The required output is a verbatim transcription of the listing, pictures excluded.

Dataset section ->

══════════

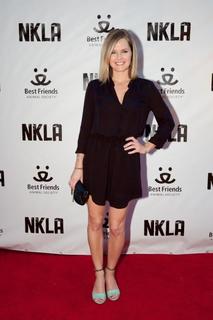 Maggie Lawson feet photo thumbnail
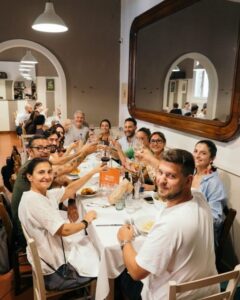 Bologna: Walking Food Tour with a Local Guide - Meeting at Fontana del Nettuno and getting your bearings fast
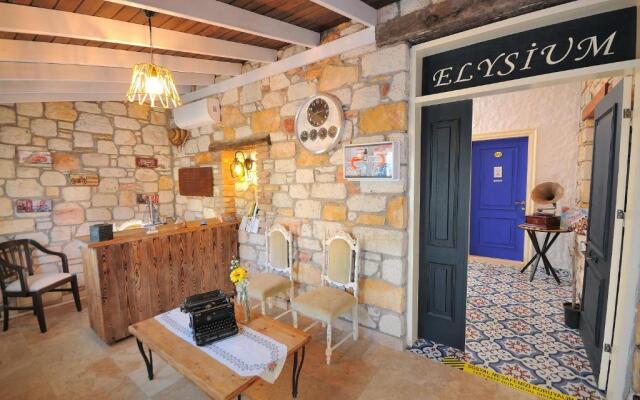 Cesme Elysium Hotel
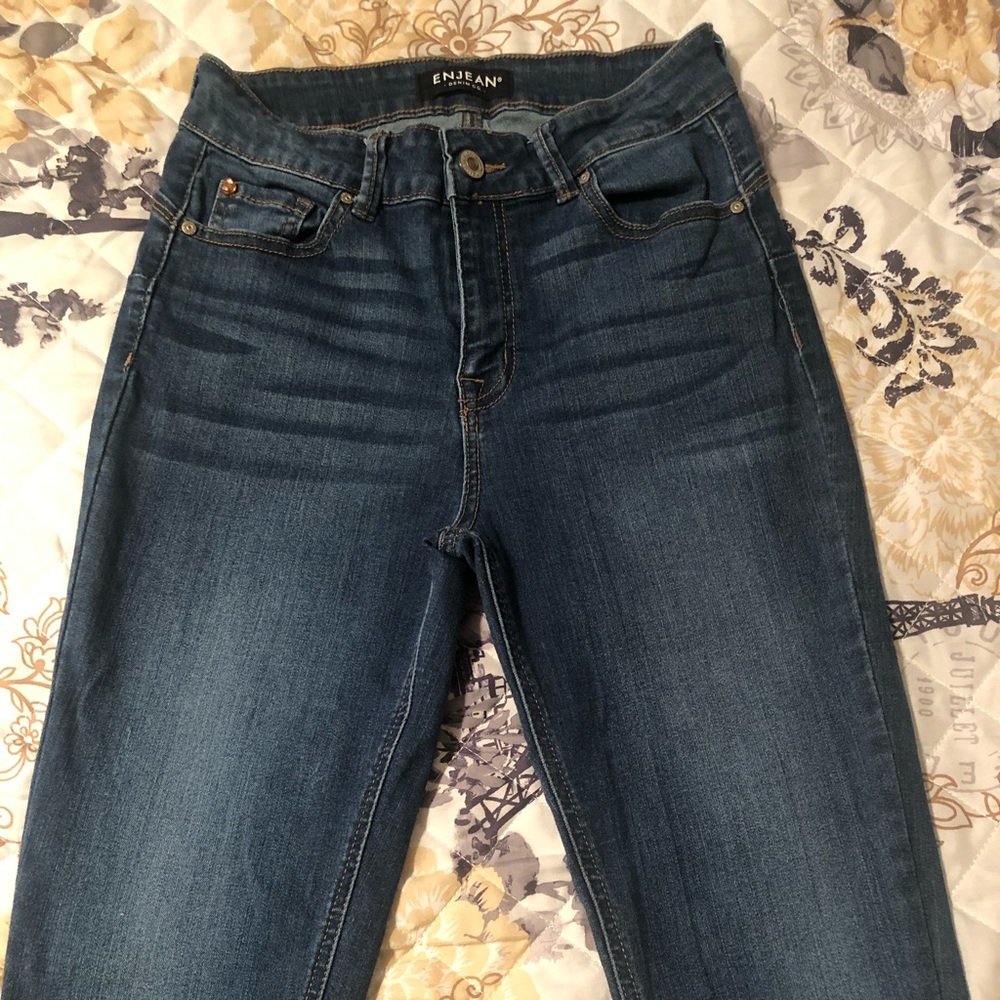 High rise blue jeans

══════════

Task answer ->
 Maggie Lawson feet photo thumbnail
 Bologna: Walking Food Tour with a Local Guide - Meeting at Fontana del Nettuno and getting your bearings fast
 Cesme Elysium Hotel
 High rise blue jeans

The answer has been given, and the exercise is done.